What is the best way to make money in the stock market? Buy and hold—or buy and sell?
The debate may never reach a conclusion. Arguments abound as to whether markets are efficient or not—and your personal opinion about which theory is correct will influence your investing style.
What’s an “efficient” market?
The Efficient Markets Theory (EMT) suggests stock prices reflect their true worth, all information is timely, and any future possibilities, though random, are accounted for.
This scenario seems to imply anyone can buy and hold or buy and sell because everything is as it should be.
Put another way, markets function with a minimum of waste, expense and unnecessary effort. Therefore, you might as well choose whichever method of investing makes you happy because the only way to”beat” the market is if you get lucky.

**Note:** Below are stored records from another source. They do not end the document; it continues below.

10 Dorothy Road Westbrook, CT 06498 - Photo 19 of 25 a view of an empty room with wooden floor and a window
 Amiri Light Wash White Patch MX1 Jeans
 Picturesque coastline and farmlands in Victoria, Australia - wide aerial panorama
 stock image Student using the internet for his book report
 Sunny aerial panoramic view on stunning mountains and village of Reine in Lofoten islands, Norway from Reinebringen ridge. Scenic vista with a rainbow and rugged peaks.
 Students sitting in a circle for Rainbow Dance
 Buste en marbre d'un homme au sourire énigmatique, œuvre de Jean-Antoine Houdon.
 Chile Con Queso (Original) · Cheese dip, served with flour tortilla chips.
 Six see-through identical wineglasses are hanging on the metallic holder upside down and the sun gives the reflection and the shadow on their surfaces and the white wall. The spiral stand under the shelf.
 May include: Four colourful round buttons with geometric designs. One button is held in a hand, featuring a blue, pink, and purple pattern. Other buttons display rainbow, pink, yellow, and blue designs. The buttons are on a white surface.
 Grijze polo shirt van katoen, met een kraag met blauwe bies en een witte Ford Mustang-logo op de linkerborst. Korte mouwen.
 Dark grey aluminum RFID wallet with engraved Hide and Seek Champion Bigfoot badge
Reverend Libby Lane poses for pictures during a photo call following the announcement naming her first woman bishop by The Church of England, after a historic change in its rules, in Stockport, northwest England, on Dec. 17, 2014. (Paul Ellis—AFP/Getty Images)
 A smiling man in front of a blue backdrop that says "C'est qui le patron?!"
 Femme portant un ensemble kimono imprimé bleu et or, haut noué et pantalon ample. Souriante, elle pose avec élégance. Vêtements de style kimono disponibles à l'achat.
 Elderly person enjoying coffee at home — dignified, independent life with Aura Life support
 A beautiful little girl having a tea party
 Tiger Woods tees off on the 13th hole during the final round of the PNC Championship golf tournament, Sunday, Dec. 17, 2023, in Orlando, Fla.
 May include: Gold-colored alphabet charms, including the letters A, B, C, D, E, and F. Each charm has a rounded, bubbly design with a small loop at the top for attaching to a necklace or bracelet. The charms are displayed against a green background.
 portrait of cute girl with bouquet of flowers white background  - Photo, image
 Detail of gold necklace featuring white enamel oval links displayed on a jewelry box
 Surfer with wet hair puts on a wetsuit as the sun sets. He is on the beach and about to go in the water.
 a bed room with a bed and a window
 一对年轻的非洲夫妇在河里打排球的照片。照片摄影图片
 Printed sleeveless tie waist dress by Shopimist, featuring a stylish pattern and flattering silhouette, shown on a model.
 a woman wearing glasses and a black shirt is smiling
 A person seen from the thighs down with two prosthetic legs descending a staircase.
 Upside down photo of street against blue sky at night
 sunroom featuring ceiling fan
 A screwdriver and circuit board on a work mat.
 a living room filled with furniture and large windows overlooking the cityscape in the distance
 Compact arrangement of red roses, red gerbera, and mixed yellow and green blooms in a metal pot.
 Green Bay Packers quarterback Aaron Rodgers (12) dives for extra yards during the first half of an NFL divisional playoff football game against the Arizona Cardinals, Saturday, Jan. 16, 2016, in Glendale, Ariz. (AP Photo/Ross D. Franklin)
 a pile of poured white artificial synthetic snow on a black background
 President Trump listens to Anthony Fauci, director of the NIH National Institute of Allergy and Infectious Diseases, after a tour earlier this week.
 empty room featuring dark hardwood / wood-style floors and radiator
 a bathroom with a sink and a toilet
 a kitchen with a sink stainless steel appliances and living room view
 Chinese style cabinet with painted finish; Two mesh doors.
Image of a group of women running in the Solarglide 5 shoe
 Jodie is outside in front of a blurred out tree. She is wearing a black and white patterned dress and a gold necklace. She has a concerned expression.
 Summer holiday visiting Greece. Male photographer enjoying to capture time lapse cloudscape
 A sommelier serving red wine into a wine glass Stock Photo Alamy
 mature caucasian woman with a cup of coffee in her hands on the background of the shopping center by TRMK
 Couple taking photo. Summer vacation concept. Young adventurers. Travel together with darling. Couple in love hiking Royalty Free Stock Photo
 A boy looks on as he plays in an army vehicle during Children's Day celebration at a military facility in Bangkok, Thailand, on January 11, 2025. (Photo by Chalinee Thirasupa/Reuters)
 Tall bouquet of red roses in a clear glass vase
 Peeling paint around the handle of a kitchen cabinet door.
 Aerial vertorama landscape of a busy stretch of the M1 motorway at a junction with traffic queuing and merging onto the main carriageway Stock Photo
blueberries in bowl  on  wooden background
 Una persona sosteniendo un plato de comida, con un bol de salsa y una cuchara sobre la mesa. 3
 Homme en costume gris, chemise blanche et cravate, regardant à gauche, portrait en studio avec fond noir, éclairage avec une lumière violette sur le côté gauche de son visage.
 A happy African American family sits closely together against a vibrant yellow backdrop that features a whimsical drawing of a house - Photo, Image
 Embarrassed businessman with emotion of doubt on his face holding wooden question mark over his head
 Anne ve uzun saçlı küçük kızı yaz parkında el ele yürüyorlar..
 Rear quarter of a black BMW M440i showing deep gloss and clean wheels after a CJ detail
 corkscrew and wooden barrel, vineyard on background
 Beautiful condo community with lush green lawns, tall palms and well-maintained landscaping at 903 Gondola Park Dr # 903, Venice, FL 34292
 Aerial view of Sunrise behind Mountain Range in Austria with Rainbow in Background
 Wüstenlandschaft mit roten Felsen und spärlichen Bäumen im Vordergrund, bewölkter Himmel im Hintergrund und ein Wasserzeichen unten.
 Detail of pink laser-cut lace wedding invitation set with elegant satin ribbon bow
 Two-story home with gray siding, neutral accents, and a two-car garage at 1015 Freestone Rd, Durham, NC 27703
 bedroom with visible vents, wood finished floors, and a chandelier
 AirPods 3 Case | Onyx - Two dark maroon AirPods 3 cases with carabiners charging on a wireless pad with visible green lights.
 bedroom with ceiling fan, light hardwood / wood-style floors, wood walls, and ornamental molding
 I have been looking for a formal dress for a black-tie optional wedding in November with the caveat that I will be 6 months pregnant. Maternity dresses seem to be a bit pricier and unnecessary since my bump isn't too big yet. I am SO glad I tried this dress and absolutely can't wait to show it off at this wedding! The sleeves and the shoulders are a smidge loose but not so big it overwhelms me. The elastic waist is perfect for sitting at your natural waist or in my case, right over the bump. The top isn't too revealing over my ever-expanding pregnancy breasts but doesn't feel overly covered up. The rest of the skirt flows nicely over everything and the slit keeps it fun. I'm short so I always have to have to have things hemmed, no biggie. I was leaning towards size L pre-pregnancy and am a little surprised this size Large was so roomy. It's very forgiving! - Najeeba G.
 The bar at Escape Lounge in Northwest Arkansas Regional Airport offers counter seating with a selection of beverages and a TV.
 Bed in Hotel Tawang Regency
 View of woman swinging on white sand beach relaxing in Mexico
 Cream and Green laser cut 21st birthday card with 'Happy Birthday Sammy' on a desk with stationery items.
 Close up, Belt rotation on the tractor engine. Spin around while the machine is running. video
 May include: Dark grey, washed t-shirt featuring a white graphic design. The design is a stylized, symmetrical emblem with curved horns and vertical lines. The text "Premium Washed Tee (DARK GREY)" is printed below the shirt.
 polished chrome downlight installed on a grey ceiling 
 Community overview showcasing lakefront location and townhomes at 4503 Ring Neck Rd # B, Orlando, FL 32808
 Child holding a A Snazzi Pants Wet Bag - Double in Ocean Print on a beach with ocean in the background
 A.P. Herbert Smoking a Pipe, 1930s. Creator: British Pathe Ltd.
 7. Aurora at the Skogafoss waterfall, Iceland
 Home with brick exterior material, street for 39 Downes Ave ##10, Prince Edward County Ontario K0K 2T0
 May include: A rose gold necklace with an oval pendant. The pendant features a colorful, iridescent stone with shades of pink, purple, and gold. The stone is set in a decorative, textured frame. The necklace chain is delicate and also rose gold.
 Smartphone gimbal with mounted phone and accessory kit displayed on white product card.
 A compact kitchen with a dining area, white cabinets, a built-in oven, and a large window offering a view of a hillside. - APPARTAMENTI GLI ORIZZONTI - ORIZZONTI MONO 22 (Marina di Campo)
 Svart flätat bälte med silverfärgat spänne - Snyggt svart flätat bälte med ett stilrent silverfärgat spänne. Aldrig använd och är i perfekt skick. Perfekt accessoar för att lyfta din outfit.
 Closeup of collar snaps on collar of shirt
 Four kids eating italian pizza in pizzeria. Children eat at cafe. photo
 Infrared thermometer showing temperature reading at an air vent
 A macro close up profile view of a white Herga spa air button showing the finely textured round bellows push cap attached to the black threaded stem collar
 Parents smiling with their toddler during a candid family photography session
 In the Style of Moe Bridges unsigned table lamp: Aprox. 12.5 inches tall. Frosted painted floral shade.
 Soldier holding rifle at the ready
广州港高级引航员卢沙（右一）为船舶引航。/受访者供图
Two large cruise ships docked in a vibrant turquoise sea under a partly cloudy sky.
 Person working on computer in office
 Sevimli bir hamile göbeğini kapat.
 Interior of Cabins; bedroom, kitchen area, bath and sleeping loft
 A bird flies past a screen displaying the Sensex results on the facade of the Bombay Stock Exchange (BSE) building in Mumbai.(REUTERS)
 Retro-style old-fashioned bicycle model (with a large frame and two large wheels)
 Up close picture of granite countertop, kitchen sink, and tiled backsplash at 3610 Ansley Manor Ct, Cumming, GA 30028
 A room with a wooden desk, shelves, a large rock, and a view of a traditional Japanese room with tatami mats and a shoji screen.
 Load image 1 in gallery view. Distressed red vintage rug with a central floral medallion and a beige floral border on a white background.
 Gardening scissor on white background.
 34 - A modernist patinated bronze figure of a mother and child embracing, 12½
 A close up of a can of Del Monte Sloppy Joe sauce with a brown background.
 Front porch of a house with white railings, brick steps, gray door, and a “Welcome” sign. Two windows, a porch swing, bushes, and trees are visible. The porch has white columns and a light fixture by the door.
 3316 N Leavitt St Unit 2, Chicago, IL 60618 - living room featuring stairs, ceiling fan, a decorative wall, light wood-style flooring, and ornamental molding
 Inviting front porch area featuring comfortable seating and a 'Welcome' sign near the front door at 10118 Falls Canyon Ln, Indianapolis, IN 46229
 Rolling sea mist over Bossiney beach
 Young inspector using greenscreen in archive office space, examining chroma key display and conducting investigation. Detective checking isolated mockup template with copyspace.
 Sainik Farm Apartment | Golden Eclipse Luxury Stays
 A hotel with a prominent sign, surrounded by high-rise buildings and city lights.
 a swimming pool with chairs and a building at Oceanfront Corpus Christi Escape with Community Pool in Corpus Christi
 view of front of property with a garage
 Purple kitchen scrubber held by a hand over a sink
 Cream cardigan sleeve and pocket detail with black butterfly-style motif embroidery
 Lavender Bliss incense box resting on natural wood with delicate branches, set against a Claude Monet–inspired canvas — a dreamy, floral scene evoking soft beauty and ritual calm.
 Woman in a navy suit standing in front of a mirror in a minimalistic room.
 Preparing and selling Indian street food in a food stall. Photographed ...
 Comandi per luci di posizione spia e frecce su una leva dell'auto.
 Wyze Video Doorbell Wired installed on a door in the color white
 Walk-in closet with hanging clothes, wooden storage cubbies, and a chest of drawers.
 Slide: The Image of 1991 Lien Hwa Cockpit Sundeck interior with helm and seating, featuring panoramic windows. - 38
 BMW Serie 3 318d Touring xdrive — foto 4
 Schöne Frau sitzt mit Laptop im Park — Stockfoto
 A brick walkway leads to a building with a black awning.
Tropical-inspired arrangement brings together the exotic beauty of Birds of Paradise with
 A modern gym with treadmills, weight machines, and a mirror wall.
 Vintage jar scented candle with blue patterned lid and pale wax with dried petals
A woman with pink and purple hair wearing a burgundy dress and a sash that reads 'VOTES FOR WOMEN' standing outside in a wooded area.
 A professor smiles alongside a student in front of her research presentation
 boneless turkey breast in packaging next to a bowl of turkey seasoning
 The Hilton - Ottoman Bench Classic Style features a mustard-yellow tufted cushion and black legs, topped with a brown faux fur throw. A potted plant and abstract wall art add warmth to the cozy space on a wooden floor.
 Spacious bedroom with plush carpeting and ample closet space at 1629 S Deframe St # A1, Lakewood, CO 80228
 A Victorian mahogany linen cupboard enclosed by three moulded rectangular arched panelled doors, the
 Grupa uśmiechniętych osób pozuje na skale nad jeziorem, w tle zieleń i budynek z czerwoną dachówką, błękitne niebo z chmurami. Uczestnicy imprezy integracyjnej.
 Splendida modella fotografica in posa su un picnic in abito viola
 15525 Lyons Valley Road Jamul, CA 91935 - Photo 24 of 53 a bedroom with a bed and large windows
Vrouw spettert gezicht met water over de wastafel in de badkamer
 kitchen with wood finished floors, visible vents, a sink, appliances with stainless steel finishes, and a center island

The EMT, introduced in the 1960s in an attempt to explain how capital markets work, has been controversial at best. Some believe the logic behind efficient markets means no one needs a stockbroker. Or, in the case of mutual funds, the fund manager is irrelevant.
The other point of view is less sanguine. That is, all present knowledge is not immediately available, a company’s stock price doesn’t always accurately reflect present worth—and, given human greed (frequently supported by news stories), insiders do use knowledge they’re privy to.
So what’s the most productive way to reap rewards in the market, passive investing or day trading?
In the final analysis, the truth probably lies somewhere between the two extremes: Markets may be efficient, but there can still be opportunities to profit. Making sure an investment strategy suits your risk profile and long-term goals can put you on the path toward reaping those rewards.